The Last Post Ceremony commemorating the service of (2206) Private Vivian Francis David Sprague, 2nd Battalion, AIF, First World War.

Places
Accession Number AWM2017.1.137
Collection type Film
Object type Last Post film
Physical description 16:9
Maker Australian War Memorial
Place made Australia: Australian Capital Territory, Canberra, Campbell
Date made 17 May 2017
Access Open
Conflict First World War, 1914-1918
Copyright Item copyright: © Australian War Memorial
Creative Commons License This item is licensed under CC BY-NC
Copying Provisions Copyright restrictions apply. Only personal, non-commercial, research and study use permitted. Permission of copyright holder required for any commercial use and/or reproduction.
Description

The Last Post Ceremony is presented in the Commemorative area of the Australian War Memorial each day. The ceremony commemorates more than 102,000 Australians who have given their lives in war and other operations and whose names are recorded on the Roll of Honour. At each ceremony the story behind one of the names on the Roll of Honour is told. Hosted by Richard Cruise, the story for this day was on (2206) Private Vivian Francis David Sprague, 2nd Battalion, AIF, First World War.

Film order form
Speech transcript

2206 Private Vivian Francis David Sprague, 2nd Battalion, AIF
KIA 6 August 1915
Story delivered 17th May 2017

Today we remember and pay tribute to Private Vivian Francis David Sprague.

Vivian Sprague was born in 1896 in Blackheath, New South Wales, to George and Sarah Sprague. He was the second of two sons born to the couple.

He grew up in Blackheath, where he attended the local public school. By the outbreak of the First World War, Sprague was working as a shop assistant. He was known to his mates as “Vic” but due to his short, stocky disposition, he was lovingly referred to by his family as “Fatty.”

His elder brother Dudley was amongst the first wave of men to enlist, joining the 13th Battalion and sailing with the second convoy, which carried the 4th Infantry Brigade, in December.

Sprague enlisted with parental consent on 20 April 1915, just days before the landings at Gallipoli. His initial training took place at Liverpool, after which he was allotted to reinforcements to the 2nd Battalion. He embarked with other reinforcements from Sydney in June aboard the transport ship Karoola bound for service abroad.

Sprague was taken on strength of the 2nd Battalion at 2 am on the morning of 6 August along with two officers and 135 other men from the 6th reinforcements. It was a momentous day on which to arrive. The long-planned August Offensive, in which the British-led forces would attempt a series of breakout actions to end the stalemate and wrest control of the Gallipoli peninsula from the Turks, would begin later that day.

The Australian positions were a scene of frenetic activity as preparations were finalised for the attack on Lone Pine.

At 2 pm, three mines were detonated forward of a position known as the Pimple. Half an hour later, the battalions of the 1st Brigade began making their way forward. The bombardment of Turkish positions began around 4.30 pm. At 5.30 pm, with the sun setting behind the Australians, the attack began.

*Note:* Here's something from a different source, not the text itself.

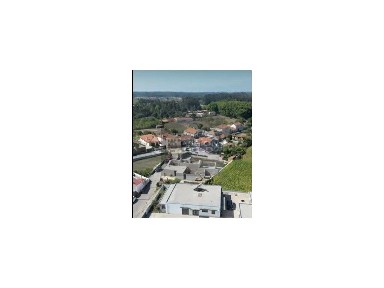 Moradia geminada à venda na Rua da Casa Alta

The 2nd Battalion’s war diary contains an account of the charge:

Three short whistle blasts sounded [and] was taken up along the line. Our men cleared the parapet [and] left the recesses in the new firing line and attacked with vigour. The enemy’s artillery opened up with shrapnel. Their machine guns also came into action at once … the space … between our[s] and the enemy’s trenches was heavily swept with fire.

It was during the initial charge that Private Sprague was killed. He was 19 years old.

In late 1915, Dudley Sprague made an enquiry to the Red Cross on behalf of his parents about Vivian’s fate. Private Frederick Frost, a member of the same group of reinforcements as Sprague, provided evidence about his mate’s death, stating that he had been in the charge on Lone Pine with Sprague and had seen him fall.

Second Lieutenant Dudley Sprague returned to Australia in 1919. After landing at Gallipoli on the morning of 26 April, he was involved in fierce fighting around Quinn’s Post. He was evacuated to Egypt at the end of May suffering nervous exhaustion and did not return to Gallipoli. He served in England from 1916 until 1918 and qualified as a pilot with the Australian Flying Corps only days before the end of the war. He returned to Australia in 1919.

Vivian Sprague was believed to have been buried at Lone Pine, but his remains were unable to be positively identified after the war. Today, a special memorial headstone in the Lone Pine Cemetery commemorates his death. Recorded under his name is the epitaph: “Their glory shall not be blotted out”.

His name is listed on the Roll of Honour on my right, among more than 60,000 Australians who died while serving in the First World War.

This is but one of the many stories of service and sacrifice told here at the Australian War Memorial. We now remember Private Vivian Francis David Sprague, who gave his life for us, for our freedoms, and in the hope of a better world.